La vita quotidiana nel Paese. Da Djerba Giovanni Chiappisi lo conferma: “Che la situazione in Tunisia non sia buona è un dato di fatto. Però, è anche vero, come diceva il presidente Saïed, che i tunisini hanno una storia che dimostra la loro capacità di resilienza”.

“Gli stranieri che vivono qui, i pensionati o i turisti, al momento non hanno problemi. I supermercati non consentono di comprare più di due litri di latte alla volta o più di un chilo di farina. Riusciamo a vivere con questo razionamento, senza eccessivi allarmismi”.

Alice Marchese, invece, è tornata in Italia dalla Tunisia una ventina di giorni fa, dopo sei mesi trascorsi nella capitale per il programma doppio titolo proposto dalla facoltà di Cooperazione, Sviluppo e Migrazioni dell’Università di Palermo. Grazie a questo master in Relazioni Internazionali presso l’Università El Manar, ha avuto l’opportunità di conoscere la città in tutte le sue sfaccettature. “Tunisi sta attraversando un periodo decisamente complesso e uno dei motivi è legato alla crisi sia politica sia alimentare che la stanno logorando nel profondo – racconta -. Chiunque capiva la mia nazionalità, mi chiedeva costantemente la ragione per cui fossi lì e se fosse necessario rimanere per tutto il tempo previsto dal bando che vinsi mesi fa”. Tra le cose che le hanno detto più spesso: “la Tunisia non è più quella di un tempo” e che “la Rivoluzione del 2011 ha cambiato a tratti in modo irreversibile il Paese”.

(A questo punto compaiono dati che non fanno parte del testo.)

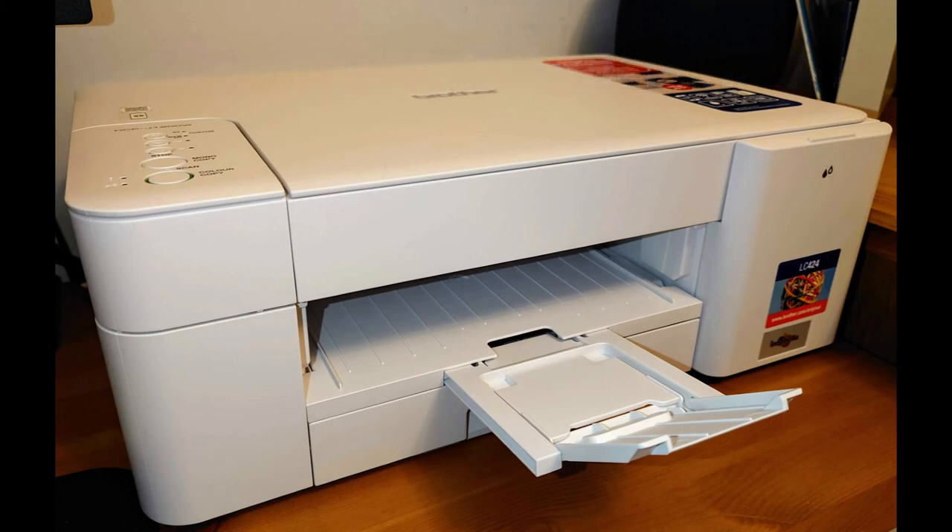In conclusion, this Brother Inkjet Printer DCP-J1200W could have a snappier title of course, but it's an excellent inkjet printer and I'd certainly recommend it for busy homes like mine.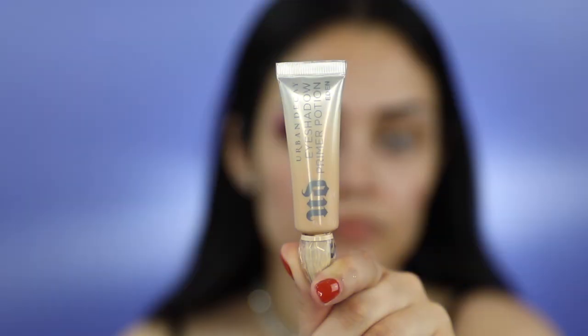To start off, I'm going to apply some tape on my eye. This is going to make sure that I have a precise line when I'm blending all the shadows in. When I'm applying the tape, I like to make sure it's in an angle that aligns to my eyebrow. I'm now going to apply Urban Decay's Primer Potion all over my eyelid and I'll be blending this in using a small concealer brush.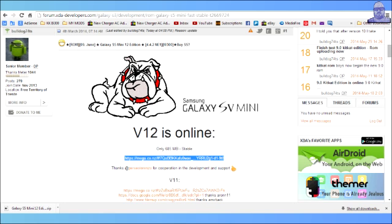Okay guys, so version 12 is online — the Galaxy S5 Mini ROM for your S3 GT-I9300. The developer says it's only 685 megabytes and it's stable, so let's download this and put it on my phone to flash it. See you in a bit.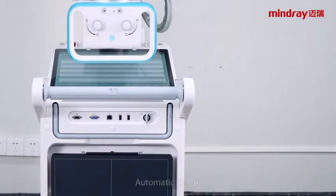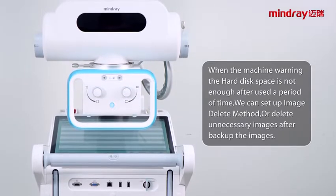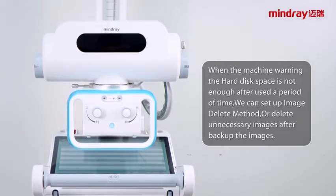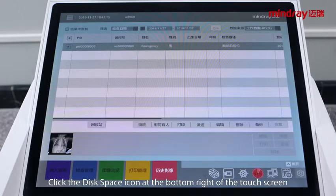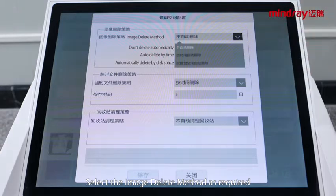Automatic delete, backup, and recovery of patient data. When the machine warns that hard disk space is not enough after a period of use, you can set up an image delete method, or delete unnecessary images after backing up. To set up the image delete method, click the disk space icon at the bottom right of the touch screen. The disk space configuration window is displayed. Select the image delete method as required.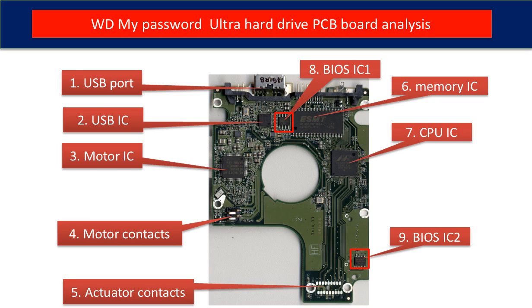Sixth, memory IC. This memory IC is used by the CPU on the PCB board to run programs. Seventh, CPU IC. This is the main IC on the PCB board — it runs programs to control the hard drive and to communicate between the hard drive and the computer. Eighth, BIOS IC1. This is a memory chip. The hard drive stores some unique configuration data inside it.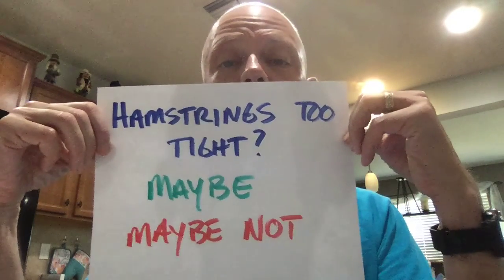Hi folks, today we're going to talk about the hamstrings. Hamstrings are important to running. Are your hamstrings too tight? Well, maybe, but maybe not. Pretty much every runner at some point in time, if not constantly, talks about their hamstrings being so tight — what can I do about my tight hamstrings, I need my hamstrings to not be so tight so I would be able to run better.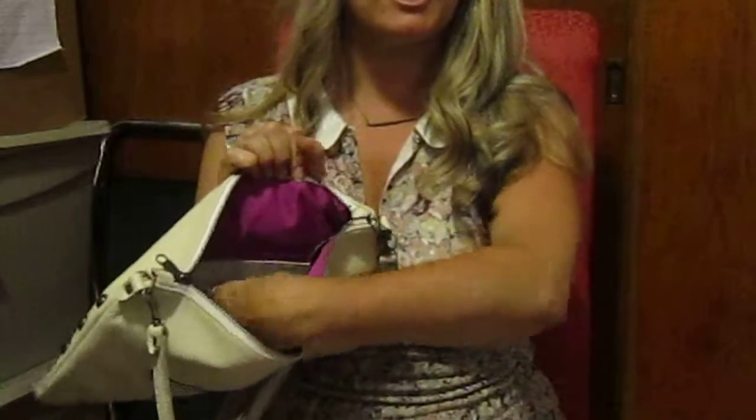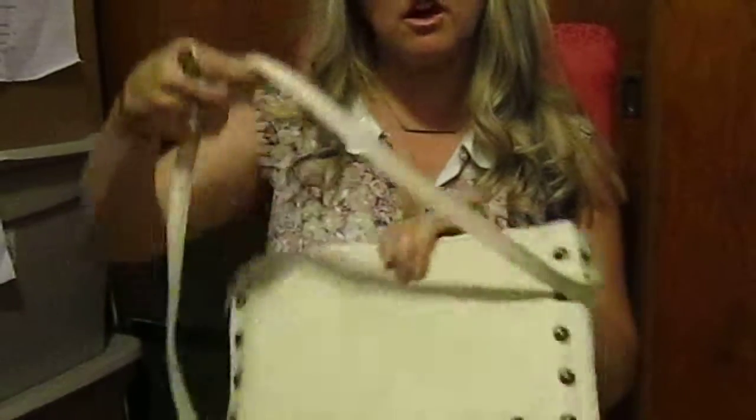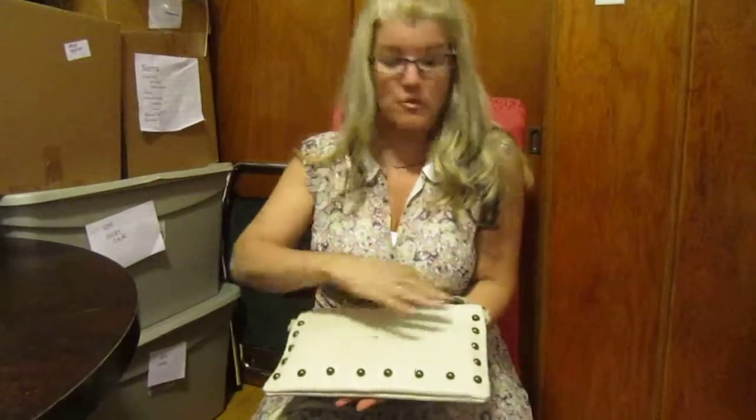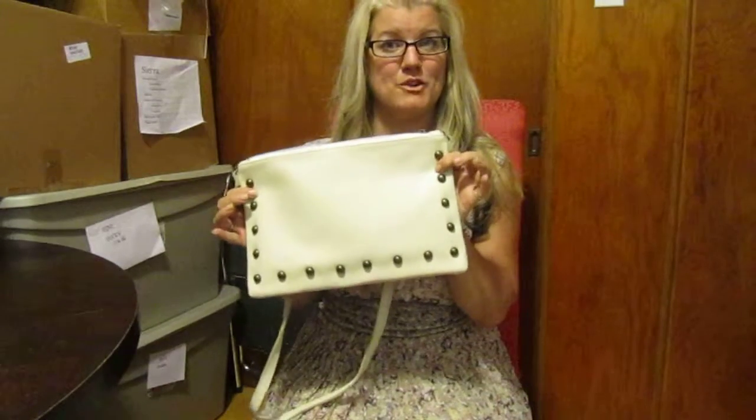It has open credit card pockets, a back zip pocket, and a long crossbody detachable strap. It has nice rock and roll stud detailing on the front. This is our Nikkie crossbody pouch.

Ma la certezza è che “a Tunisi non cucini ciò che vuoi, ma ciò di cui supermercati e botteghe dispongono”.

“Nonostante ci sia una quantità considerevole di centri commerciali e, dunque di supermercati, bisogna prestare la dovuta attenzione perché alcuni alimenti spariscono dal commercio oppure sono scarti, che non dovrebbero neanche essere venduti. Il primo giorno a Tunisi c’era caldissimo e mancavano acqua, zucchero, riso, latte e farina – ricorda -. Nel corso dei mesi questi prodotti a dir poco essenziali sono tornati sugli scaffali, tranne lo zucchero perché razionato”.